What the FCA’s Enforcement Watch means for regulated firms

FCA

The FCA’s launch of its inaugural Enforcement Watch newsletter marks a notable evolution in how enforcement expectations are communicated to the market.

According to ACA Group, through this publication, the Financial Conduct Authority is signalling a more open, assertive and strategically aligned approach to enforcement, offering firms earlier insight into investigations, sharper focus on Consumer Duty outcomes and a clearer emphasis on individual accountability.

At its core, the newsletter provides firms with a clearer window into the regulator’s enforcement agenda. It is designed to share closer to real-time intelligence on the types of cases being opened and the harms the FCA is prioritising, particularly where those cases relate to consumer protection, market integrity and confidence. This represents a deliberate shift away from enforcement being viewed as something that only becomes visible at the end of a lengthy process, and instead positions it as an ongoing regulatory signal to the wider industry.

This new approach builds on the 2025 update to the Enforcement Guide, which broadened the circumstances in which the FCA may publicise enforcement investigations. By operationalising that guidance through a regular publication, the regulator is giving firms more timely visibility into where and why it is intervening. Between June and December 2025 alone, the FCA opened 23 enforcement operations, covering a mix of regulatory breaches, criminal and regulatory offences, and a small number of criminal-only cases. The regulator also confirmed investigations into three listed issuers, opened cases into unauthorised firms, and publicly identified one authorised firm under the high “exceptional circumstances” threshold.

Central to the newsletter are seven thematic enforcement priorities that set a clear direction of travel. These include individual accountability, market disclosure failures, unauthorised business activity including crypto assets, fair value under Consumer Duty, inadequate oversight, weak systems and controls, and conflicts of interest across consumer investment and asset management activities. Together, these themes provide firms with a practical roadmap of where enforcement scrutiny is likely to intensify and where the regulator expects demonstrable improvements.

For buy-side firms in particular, the implications are significant. Enforcement activity is increasingly aligned to systemic issues such as governance effectiveness, operational resilience, disclosure quality and the delivery of fair value. The FCA is using transparency as a behavioural lever, reinforcing expectations that firms should learn from industry-wide failings rather than waiting for issues to arise within their own organisations. Public accountability, more assertive regulatory engagement and faster consequences for inadequate remediation are now part of the operating environment.

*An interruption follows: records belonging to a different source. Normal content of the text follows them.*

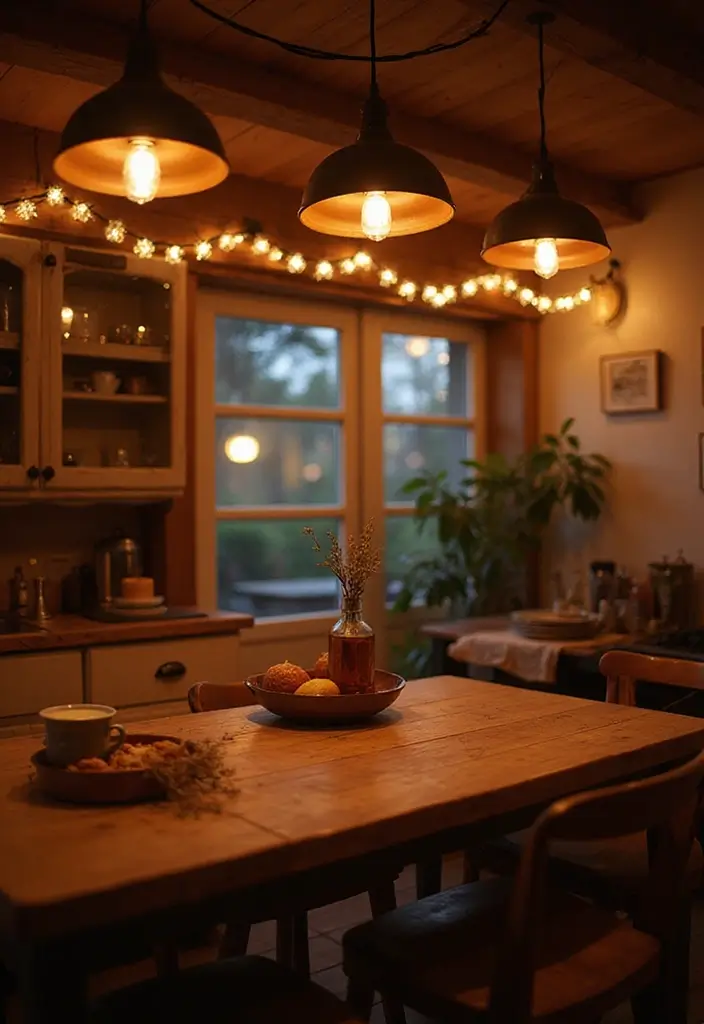 25 Fall Decor Ideas for the Home Kitchens That Feel Festive - 20. Warm Lighting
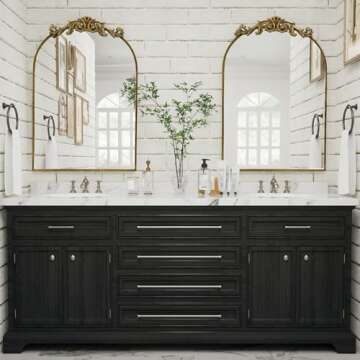 PAIHOME 24x36 Inch Gold Vintage Mirror for Bathroom, Ornate Oil Rubbed Gold Arched Wall Mirror Decor Big Mirror for Foyer Living Room Modern Hanging or Leaning, Metal Frame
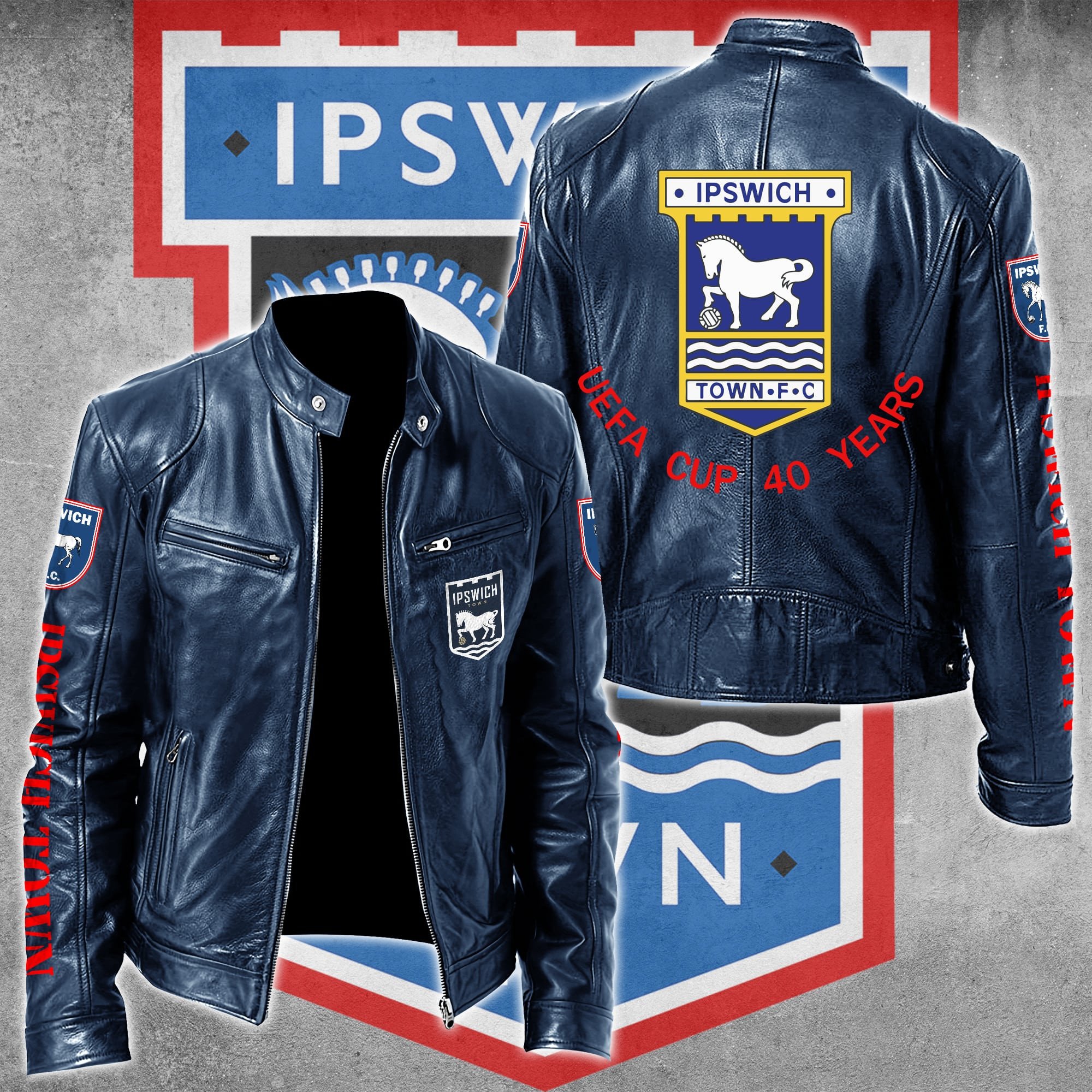 Ipswich Town FC Leather Bomber Jacket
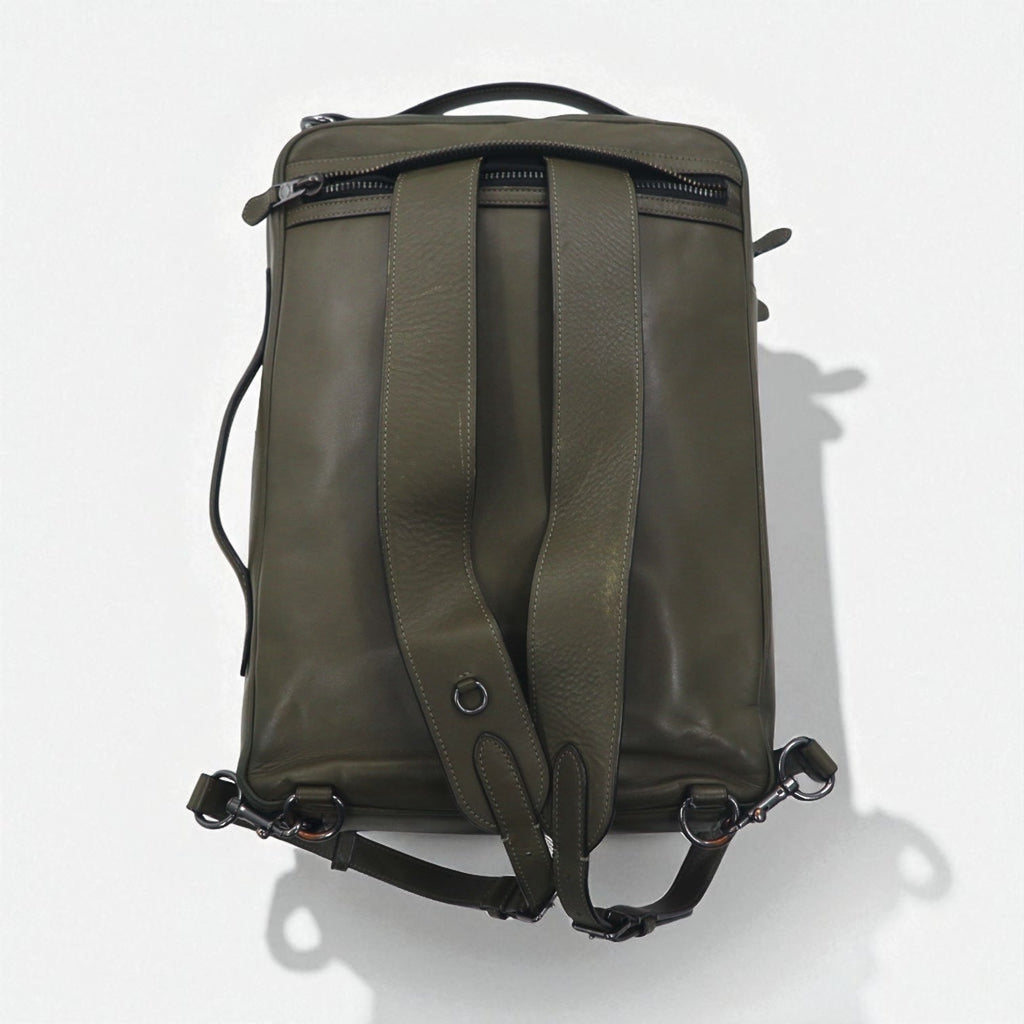 COACH Graham Convertibile 3WAY Zaino Valigetta Khaki Pelle di vitello liscia C6877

The Enforcement Watch publication is therefore best understood as both an educational tool and an early warning system. It challenges firms to strengthen governance frameworks, clarify senior management responsibilities and maintain clear evidence of “reasonable steps”. Remediation efforts are expected to be structured, time-bound and measurable, with proof that changes have been embedded in practice rather than simply documented. Under Consumer Duty, fair value must be demonstrable through robust assessments, management information and board-level challenge.

The newsletter also reinforces the importance of strong market disclosure controls, particularly around inside information and Market Abuse Regulation compliance. Systems and controls relating to unauthorised business and crypto exposure are under heightened scrutiny, while conflicts of interest must be actively managed with evidence that governance arrangements drive real behavioural change.

Ultimately, the FCA’s Enforcement Watch signals a regulatory environment where evidence matters more than intent. Greater transparency leaves little room for slow or poorly evidenced compliance responses. Firms that proactively align their governance, controls and remediation frameworks to these enforcement signals will be better placed to withstand supervisory scrutiny and the reputational risks that come with public enforcement action.